But if conservatives have been caught short by the new reality, so have liberals. For more than four decades now, “full employment” has been the two-word economic program of the American left. The idea wasn’t just to keep everybody busy, but to get the law of supply and demand working on the side of the American worker: decrease unemployment and shrink the labor supply--and wages would have to rise. Thus full employment, in the statistical sense, would also mean employment at decent, livable wages.

But things haven’t worked out that way. We’re approaching full employment, or at least the lowest unemployment rates we’ve seen since the 1950s. But the law of supply and demand no longer seems to be in effect. Wages have gone up in a few labor-short patches of the economy, such as banks and suburban fast-food places. But the overall average wage remains stuck at a little over $9 an hour.

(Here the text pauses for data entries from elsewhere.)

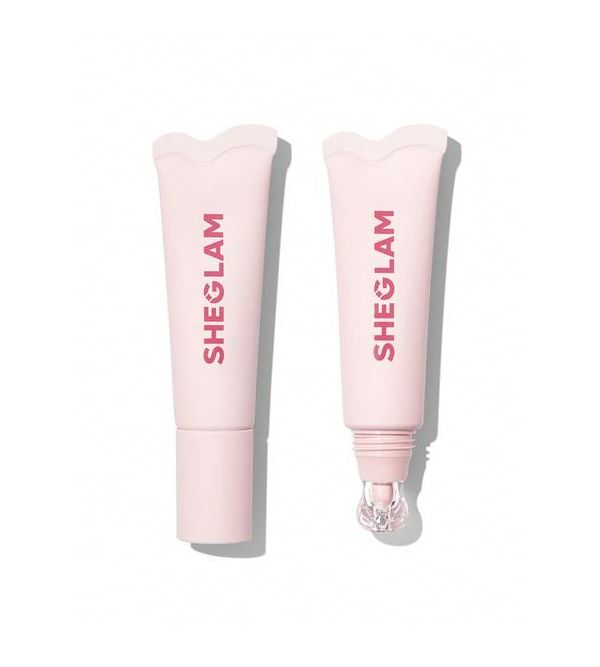 Crystal Glaze Moisturizing brillo labios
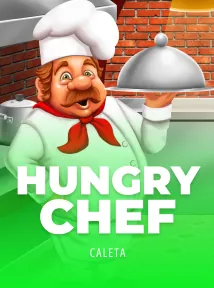 Hungry Chef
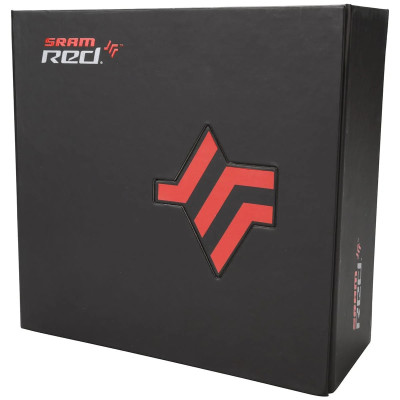 Cassette SRAM RED XG‑1290 12V – Corps XDR, 10‑28 Cassette SRAM RED XG‑1290 12V – Corps XDR, 10‑28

The reason the liberal full-employment strategy hasn’t worked is that wages don’t rise automatically when the labor supply shrinks. They rise when workers demand pay increases, generally through the traditional tactics of unionization and collective bargaining. But in recent years employers have fiercely resisted demands for increased wages: They’ve threatened to move to Mexico or Taiwan; they’ve hired fancy law firms to run legal circles around their employees, and in some cases, they’ve resorted to old-fashioned, brass-knuckles, union-busting techniques.

If politicians wanted to bring their rhetoric up to date, they’d have to stop talking about “more jobs” and start talking about how they intend to make the existing jobs worth a person’s time and effort. They could offer to put some teeth back into the National Labor Relations Board, the regulatory agency that is supposed to guarantee workers’ rights to organize, and which has been, for all practical purposes, in a dead faint since 1980. They could get serious about pay equity for women. They could look into all the possible ways--housing subsidies, earned income-tax credits--to supplement the incomes of the working poor.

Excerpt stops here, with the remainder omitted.